Doing such a project gives you more flexibility and allows you work on something of your liking. However at the same time, this may potentially require some additional effort (depending on your problem) such as data collection or coming up with suitable baselines, and/or explicitly declaring what is being extended or novel for the scope proposed for the class. The teaching staff will take these factors into account when grading.

Kaggle Competition Projects

On the Kaggle website, you can find and choose from a number of interesting machine learning competitions. Upon joining a competition, you will be provided with a training and testing sets, and your performance will be measured with specified metrics and ranked with other competitors on the web.

Note that performance on the different metrics is not the critical factor in your grade on the project. While doing well on the competition helps, we primarily evaluate with respect to the (interesting) ideas your team employs to solve the task. While the data is easier to obtain for such a project, there is less flexibility and more emphasis on coming up with interesting methods.

Project Structure

DescriptionPercentage
Proposal3%
Interim Presentation5%
Project Poster, Video and Poster Presentation5 + 5 + 5 = 15%
Final Project Report7%
Peer Grading (of three other projects) (counts towards Participation)
Total30%


You will need to form teams and propose a topic to for your project in a formal project proposal. The staff and your peers will give you feedback. After the project proposal, you will be assigned a contact TA that you can use as a resource for questions and advice.

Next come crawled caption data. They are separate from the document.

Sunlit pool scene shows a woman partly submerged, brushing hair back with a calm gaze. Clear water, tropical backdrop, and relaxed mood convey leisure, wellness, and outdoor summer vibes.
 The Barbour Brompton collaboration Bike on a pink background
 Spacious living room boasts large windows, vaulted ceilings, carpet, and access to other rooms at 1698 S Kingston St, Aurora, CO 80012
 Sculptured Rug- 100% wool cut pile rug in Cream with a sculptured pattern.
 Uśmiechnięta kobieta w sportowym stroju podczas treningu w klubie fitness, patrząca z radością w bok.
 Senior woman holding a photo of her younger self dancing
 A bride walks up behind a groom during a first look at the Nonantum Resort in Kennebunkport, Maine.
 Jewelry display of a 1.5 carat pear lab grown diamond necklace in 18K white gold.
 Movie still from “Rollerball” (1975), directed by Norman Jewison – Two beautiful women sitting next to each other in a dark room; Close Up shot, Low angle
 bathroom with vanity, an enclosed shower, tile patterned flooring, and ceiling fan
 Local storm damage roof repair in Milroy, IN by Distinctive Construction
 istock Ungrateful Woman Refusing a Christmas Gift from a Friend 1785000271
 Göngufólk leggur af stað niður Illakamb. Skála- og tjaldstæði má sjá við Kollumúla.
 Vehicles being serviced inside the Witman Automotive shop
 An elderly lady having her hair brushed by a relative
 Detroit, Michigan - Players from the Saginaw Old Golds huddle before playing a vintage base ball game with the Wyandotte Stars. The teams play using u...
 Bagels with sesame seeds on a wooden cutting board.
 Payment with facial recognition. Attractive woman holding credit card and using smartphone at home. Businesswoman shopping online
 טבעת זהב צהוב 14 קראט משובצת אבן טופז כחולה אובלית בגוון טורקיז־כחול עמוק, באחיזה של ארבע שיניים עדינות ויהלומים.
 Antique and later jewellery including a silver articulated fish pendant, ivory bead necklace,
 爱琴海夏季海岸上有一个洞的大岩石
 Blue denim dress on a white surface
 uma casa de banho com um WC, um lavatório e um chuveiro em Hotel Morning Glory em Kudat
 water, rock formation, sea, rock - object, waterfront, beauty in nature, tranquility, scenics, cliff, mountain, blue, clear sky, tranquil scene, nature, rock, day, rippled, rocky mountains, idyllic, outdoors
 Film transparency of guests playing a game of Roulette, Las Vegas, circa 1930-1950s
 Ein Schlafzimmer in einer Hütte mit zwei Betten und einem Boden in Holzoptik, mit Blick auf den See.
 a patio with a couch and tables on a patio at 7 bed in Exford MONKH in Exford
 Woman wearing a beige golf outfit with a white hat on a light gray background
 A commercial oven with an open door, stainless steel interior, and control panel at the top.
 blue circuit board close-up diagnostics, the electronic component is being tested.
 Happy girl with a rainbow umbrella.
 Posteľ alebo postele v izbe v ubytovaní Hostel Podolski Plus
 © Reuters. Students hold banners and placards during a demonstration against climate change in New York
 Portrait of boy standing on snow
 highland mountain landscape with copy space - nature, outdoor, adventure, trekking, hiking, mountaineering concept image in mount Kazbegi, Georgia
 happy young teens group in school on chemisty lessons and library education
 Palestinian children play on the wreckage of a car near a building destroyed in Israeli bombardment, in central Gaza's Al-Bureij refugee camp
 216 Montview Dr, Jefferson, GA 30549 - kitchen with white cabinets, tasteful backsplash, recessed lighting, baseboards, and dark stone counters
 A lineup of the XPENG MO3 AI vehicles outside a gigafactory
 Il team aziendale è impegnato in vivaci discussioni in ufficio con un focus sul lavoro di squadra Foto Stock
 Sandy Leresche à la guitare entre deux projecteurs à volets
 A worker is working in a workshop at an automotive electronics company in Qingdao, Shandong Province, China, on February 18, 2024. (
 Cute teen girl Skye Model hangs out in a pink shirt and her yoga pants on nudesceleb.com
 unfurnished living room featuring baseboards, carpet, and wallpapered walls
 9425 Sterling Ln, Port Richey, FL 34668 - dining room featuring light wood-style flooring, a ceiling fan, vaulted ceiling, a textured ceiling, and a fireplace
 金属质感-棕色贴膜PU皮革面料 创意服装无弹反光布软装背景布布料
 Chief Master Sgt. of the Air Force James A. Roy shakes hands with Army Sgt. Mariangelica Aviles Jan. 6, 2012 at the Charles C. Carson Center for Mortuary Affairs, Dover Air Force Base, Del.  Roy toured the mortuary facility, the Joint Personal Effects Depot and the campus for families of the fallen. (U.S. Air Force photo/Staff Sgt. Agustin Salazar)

In Weeks 8-9, the staff will meet with all teams for the only mandatory consultation. Your team will need to prepare a short presentation deck to present to the staff about the progress of your project. Based on your team’s interest and the staff’s opinion on your project, you may elect to present at 15th STePS. Teams that present at STePS will have a slightly different path and grading rubric for their project which involves additional consultation with staff and cumulates with a public presentation at STePS.

Detailed grading rubrics for all phases of the project are provided as part of the project reporting templates provided in class, as well as through the accompanying project videos that are released on Week 1. The general grading metrics are as follows:

  1. Originality
  2. Relevance to course
  3. Quality of arguments (are claims supported, how convincing are the arguments you bring forward)
  4. Clarity (how clearly are goals and achievements presented)
  5. Scope/Size (in proportion to size of group)
  6. Significance (are the questions you are asking interesting)

Like supervised machine learning, sometimes it’s easier to learn from data than from rubrics. You can get a look at past projects by looking the previous iteration of CS3244 (i.e., Semester I, AY 18/19) and finding the past projects on the webpage (scroll down to the Projects part).